L’histoire d’André Dion et la microbrasserie

André Dion et l'essor des microbrasseries

Mario D’Eer, biérologue, conférencier et écrivain

Nous nous sommes rendus au Sergent recruteur, André Dion et moi afin de célébrer l’acceptation du mémoire par les membres de l’Association des Micro-Brasseries du Québec (AMBQ).

J’avais complété la mission de rédiger cet important document, qui sollicitait une baisse de la taxe spécifique pour la production de bières. Il fallait faire des recherches sur les différents systèmes de taxations en Amérique du Nord, en Europe et ailleurs, afin de justifier l’importance de diminuer cette ponction gouvernementale. La survie de ces petites entreprises en dépendait. À chaque étape de la rédaction, je présentais les résultats de mes recherches et de mes analyses aux membres. Ils offraient alors leurs commentaires ainsi que leurs suggestions afin d’orienter les investigations subséquentes.

Cette mission constituait un premier projet conjoint. Jusqu’alors, leurs réunions servaient plutôt d’exutoires à leurs frustrations. Les remontrances étaient chargées émotivement, nourries par des sentiments d’injustice. Développer le marché pour les bières de microbrasseries exigeait alors des énergies considérables. Les nouveaux clients, pubs ou épiceries, constituaient des brèches faciles à exploiter. Ils avaient déjà été convaincus par le compétiteur. Ils souhaitaient élargir leurs offres. Chaque brasserie profitait donc de l’effort de l’autre. Dans le même geste, chacune était également victime des finasseries du compétiteur. Les rencontres de l’AMBQ devenaient ainsi une arène pour ventiler les sentiments d’iniquité. Lorsque André Dion a accepté la présidence de l’association, il souhaitait bosser sur des combats communs, fédérateurs. Celui d’assouplir la ponction de la taxe spécifique, une taxe provinciale, encapsulait ses priorités. Celle-ci constitue un fardeau économique important : dès que la bière est produite, avant même qu’elle ne soit vendue, l’entreprise doit envoyer un chèque au gouvernement. Une taxe fédérale semblable s’ajoute à celle-ci, la taxe d’accise.

Lorsque le mémoire fut officiellement accepté par l’AMBQ, mon travail était terminé.

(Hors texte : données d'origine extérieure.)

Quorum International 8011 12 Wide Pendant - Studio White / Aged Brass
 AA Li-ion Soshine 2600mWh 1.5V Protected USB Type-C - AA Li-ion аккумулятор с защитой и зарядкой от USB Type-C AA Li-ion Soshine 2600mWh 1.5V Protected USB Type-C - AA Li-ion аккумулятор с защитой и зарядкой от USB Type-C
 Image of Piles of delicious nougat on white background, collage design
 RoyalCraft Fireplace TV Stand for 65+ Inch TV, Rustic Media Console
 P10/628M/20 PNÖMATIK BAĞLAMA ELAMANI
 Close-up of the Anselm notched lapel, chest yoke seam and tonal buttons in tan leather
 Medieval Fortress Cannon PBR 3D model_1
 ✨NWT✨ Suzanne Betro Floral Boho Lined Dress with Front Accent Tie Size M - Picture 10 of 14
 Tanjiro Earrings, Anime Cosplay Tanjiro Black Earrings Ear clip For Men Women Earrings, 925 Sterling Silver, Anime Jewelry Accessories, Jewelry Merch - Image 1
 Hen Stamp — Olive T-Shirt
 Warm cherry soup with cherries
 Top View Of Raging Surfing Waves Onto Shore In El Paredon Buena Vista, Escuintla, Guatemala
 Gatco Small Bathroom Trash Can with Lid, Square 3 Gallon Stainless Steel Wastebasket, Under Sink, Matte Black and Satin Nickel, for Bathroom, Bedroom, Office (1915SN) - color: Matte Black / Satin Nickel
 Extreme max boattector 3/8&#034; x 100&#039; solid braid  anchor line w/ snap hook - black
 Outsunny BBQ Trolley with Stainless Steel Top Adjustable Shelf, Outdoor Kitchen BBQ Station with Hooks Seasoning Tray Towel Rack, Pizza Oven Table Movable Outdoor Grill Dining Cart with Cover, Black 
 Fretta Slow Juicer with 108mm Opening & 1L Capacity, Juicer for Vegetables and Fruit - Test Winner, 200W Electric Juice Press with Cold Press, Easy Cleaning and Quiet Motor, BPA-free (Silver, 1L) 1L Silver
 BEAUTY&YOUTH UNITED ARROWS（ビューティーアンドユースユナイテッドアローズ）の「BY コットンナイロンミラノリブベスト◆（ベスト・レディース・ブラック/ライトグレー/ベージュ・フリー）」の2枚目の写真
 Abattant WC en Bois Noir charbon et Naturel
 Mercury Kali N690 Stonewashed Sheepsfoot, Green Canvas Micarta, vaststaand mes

Nous sommes allés au bistro-brasserie de la rue Saint-Laurent, Dion et moi, pour célébrer la fin de cette étape. Pendant nos palabres, nous discutions de ce nouveau festival promu par un trio de l’industrie du tourisme : le Mondial de la Bière. J’agissais à titre de conseiller auprès d’eux. Dion m’a demandé :

– Qu’est-ce que tu penses de l’organisation ?

Je n’avais pas les qualifications pour juger de la qualité de l’équipe. Je ne pouvais qu’affirmer que peu importe, j’étais fier d’aider. Ce n’était pas la première organisation qui m’avait approché pour solliciter mes idées à cet égard. Aucune n’avait mené la chope à bon fût. Je me faisais de moins en moins d’illusions au fil des gorgées du temps qui passait. J’acceptais néanmoins toujours d’accorder mon aide.

– Je crois que ça va marcher leurs affaires. Je pense qu’ils possèdent les compétences pour ça. On verra bien ce que ça donnera. La seule chose qui me tique, c’est la fierté qu’ils ont d’avoir convaincu Labatt et Molson de s’inscrire. C’est l’existence des microbrasseries qui rend possible l’organisation d’un festival de la bière. Si c’était seulement les grands, ce serait une sorte d’Oktoberfest, une grosse beuverie. D’après moi, ça devrait être un festival de la microbrasserie. Les géants ne devraient pas participer. Seulement les bières importées, même si on sait que de l’autre bord, c’est de temps en temps des géants…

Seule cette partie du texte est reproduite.